Thirdly, radicalization into violence remains the main domestic challenge threatening change-oriented MPs and Lebanese politics in general. Boycott calls from the Future Movement and some activists had little impact, as low voter turnout is quite common in Lebanon . However, a deeper look at the regional distribution of participation might raise a red flag regarding a significantly low Christian and Sunni participation, and which might lead to a perception of marginalization among those communities. Looking at the example of Iraq, such marginalization processes are central for radicalization into political violence in the Middle East.
Regarding violence, Hezbollah has a high potential to further radicalize and militarize the domestic political scene. While Nasrallah, Hezbollah leader, accepted the results, the leader of the party’s parliamentary bloc, Mohamad Raad, threatened “civil war” if the other parties refuse a consensus government. There is historical evidence that the party resorts to violence when its security or military apparatus is politically attacked by the government. The best example, though not the latest, is the sectarian clashes of May 7 in 2008 in Beirut. The country is therefore not only heading to political uncertainty, but to a possible new wave of violence.
Conclusion: What Can Be Done?
First, democratic countries can help keep the political actors in Lebanon in check by making continued economic support conditional on reforms. The International Monetary Fund (IMF) recently announced an agreement with the current Lebanese government promising $3 billion in stabilization support over four years on the condition of enacting legislative and fiscal reforms. Similarly, earlier in 2021, a German delegation of private companies aiming to rebuild Beirut Port made it clear that no money would be spent in Lebanon before anti-corruption reforms. As the Lebanese state is no longer able to cover the cost of fuel and other subsidies due to the lack of foreign exchange such conditional external aid could have substantial leverage.

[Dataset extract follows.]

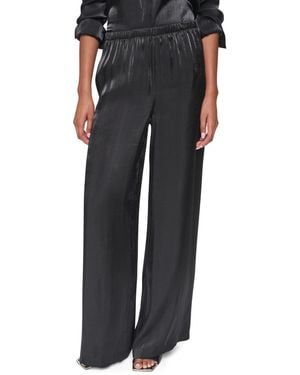 DKNY East River Shine Wide Leg Pull-on Satin Pants - Black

Second, European governments and civil societies active in Lebanon can support democracy in the country by addressing domestic challenges such as the levels of professionalization, polarization, and radicalization. This can be done through mediating and facilitating cooperation between different political actors, particularly reformist MPs. It is necessary for those wishing to support democracy in Lebanon to consider that reformist MPs do not only have significant a potential to influence governmental decision, but also the legitimate voice of the youth demanding change towards a democratic civic society. Therefore, European institutions and organizations active in Lebanon should intensify political cooperation with reformist MPs.
Even if reformist MPs’ current success does not influence the course of events in Lebanon, a power vacuum and the failure of political elites will slowly deprive traditional sectarian parties of more voices in the streets and in the parliament. For this structure not to collapse and fall into violence it is important that the voices of change receive recognition and political support from those who stand for democratic principles.